Does the movie The Secret say that you can just focus on the end result, visualize it, be grateful for it in advance, and then by doing all of that you can just skip the pesky part where you actually have to make mistakes and learn something? I think not.

What it does say, is that if you keep your focus on the end result, if you do not get so caught up in the mistakes along the way, as in just learn from them and move on, that you will with this focus finally get to the end result.

But who is willing to do it?

If I guaranteed you that you could be a millionaire, and that the only price was that you had to be homeless for some undetermined amount of time first, would you be willing to do it? You might ask Neale Donald Walsch that question, because this is pretty much what happened to him.

But here is the real kicker. . . He went into being homeless as a displaced worker who had been living a quiet middle class life.

He came out of it with the inspiration that turned him into a millionaire; namely the Conversations With God books.
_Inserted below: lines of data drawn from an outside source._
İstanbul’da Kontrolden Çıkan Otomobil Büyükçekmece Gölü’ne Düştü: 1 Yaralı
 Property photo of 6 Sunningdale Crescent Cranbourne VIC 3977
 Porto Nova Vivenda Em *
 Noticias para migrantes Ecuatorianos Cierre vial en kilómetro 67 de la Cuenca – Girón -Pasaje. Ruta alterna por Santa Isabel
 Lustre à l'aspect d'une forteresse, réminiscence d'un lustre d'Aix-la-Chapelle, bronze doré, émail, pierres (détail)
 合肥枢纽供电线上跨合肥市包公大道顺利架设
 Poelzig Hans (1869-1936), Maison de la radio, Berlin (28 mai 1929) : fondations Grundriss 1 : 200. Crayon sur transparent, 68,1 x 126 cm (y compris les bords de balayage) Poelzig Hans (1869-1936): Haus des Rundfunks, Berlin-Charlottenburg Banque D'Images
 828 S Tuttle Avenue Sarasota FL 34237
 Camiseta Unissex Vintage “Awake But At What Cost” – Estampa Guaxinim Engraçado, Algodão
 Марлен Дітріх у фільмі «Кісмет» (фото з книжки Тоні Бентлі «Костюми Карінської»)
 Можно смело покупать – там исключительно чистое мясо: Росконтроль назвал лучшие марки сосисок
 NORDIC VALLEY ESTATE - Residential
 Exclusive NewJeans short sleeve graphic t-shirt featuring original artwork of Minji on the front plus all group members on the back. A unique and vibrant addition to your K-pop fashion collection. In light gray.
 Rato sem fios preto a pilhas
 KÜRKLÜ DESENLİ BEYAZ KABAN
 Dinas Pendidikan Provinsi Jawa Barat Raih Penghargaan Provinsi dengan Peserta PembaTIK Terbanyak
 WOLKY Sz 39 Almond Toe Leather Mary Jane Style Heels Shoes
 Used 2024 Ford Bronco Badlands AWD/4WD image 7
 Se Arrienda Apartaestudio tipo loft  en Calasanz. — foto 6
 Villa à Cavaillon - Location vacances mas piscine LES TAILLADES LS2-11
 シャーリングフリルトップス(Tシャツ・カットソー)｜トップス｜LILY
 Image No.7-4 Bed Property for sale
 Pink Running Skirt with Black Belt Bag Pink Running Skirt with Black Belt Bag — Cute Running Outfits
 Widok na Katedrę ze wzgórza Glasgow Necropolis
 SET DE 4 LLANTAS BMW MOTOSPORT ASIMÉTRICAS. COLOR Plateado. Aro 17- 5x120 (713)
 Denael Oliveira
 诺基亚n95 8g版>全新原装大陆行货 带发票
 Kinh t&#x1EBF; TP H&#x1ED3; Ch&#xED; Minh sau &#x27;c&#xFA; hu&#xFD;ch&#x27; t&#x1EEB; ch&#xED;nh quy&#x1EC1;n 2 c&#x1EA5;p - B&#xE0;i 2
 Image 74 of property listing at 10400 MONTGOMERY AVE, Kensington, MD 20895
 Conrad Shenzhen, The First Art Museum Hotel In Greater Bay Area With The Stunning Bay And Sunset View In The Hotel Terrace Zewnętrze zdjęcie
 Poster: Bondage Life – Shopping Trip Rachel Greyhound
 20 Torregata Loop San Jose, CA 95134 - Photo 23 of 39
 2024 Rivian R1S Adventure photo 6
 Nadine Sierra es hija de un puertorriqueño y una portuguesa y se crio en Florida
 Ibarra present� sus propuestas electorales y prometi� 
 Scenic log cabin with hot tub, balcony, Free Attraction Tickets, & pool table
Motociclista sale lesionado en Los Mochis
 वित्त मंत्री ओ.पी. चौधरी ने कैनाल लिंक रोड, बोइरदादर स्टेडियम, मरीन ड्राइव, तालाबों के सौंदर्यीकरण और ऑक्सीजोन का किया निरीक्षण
Would he have ever received that inspiration if he had not been homeless? Who knows? But my guess is probably not, because he would have not perceived the great and dire need for something better.

If we only sorta want something better, is that enough to get us along the crooked and difficult path to fame and fortune? I think not. We must have a gut renching feeling that something has to change, or we will not do anything different, and as such we will not get any different results.

And to any who would argue that it does not have to be a crooked and difficult path to fame and fortune, I would allow that most of the work is within your head as opposed to without, but if the path were easy then everybody would already be there . . .

And it would not mean as much.

So I do not wish to sound harsh here, but rising to fame and fortune is not for the timid. We will make mistakes along the way, and those mistakes will be costly. Knowing this beforehand helps a little . . .

But not much.

But it's even worse to go into any kind of new venture thinking that we have all the answers and that we are smarter than all of that. We just set ourselves up to fail (which is going to happen a number of times regardless), and we are not able to deal with the failure because we think we were too smart to have had one. So we quit. The only way to ultimately fail in this life is to quit. Those who do not quit eventually get there.

100% of the time.

And that should not be a Secret to anyone.

So I say show your mettle. Everyone and that means everyone should be trying to build some kind of business or create some kind of a new thing in their after work time. We seek to get rich through Creation, not competition. What are you good at? Write that book! Start that home based business!

And understand that when you meet failures, that you see them for what they really are . . .

Signposts that prove that you are on the right road to fame and fortune.

Because there is one and only one group of people who never fail, and you know exactly who they are . . .

Yep. The ones who never try.

Don't be one of them.

Joseph

1 comment:

Anonymous said...

watched Conversations with God recently, i appreciate the point that Neale Donald Walsch makes about having freedom to admit that he's not perfect so he can move on from where he is at that point.